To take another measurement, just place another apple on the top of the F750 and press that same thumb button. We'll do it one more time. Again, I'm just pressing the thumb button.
= = = =
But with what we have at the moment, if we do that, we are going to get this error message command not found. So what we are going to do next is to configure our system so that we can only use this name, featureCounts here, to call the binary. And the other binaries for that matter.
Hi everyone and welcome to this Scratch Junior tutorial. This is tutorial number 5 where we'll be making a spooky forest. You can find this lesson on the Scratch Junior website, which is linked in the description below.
= = = =
● **THE PROBLEM**
Pull every line containing the word "that" out of the material.

● **RESULT OF THE TASK**
To take another measurement, just place another apple on the top of the F750 and press that same thumb button. We'll do it one more time. Again, I'm just pressing the thumb button.
But with what we have at the moment, if we do that, we are going to get this error message command not found. So what we are going to do next is to configure our system so that we can only use this name, featureCounts here, to call the binary. And the other binaries for that matter.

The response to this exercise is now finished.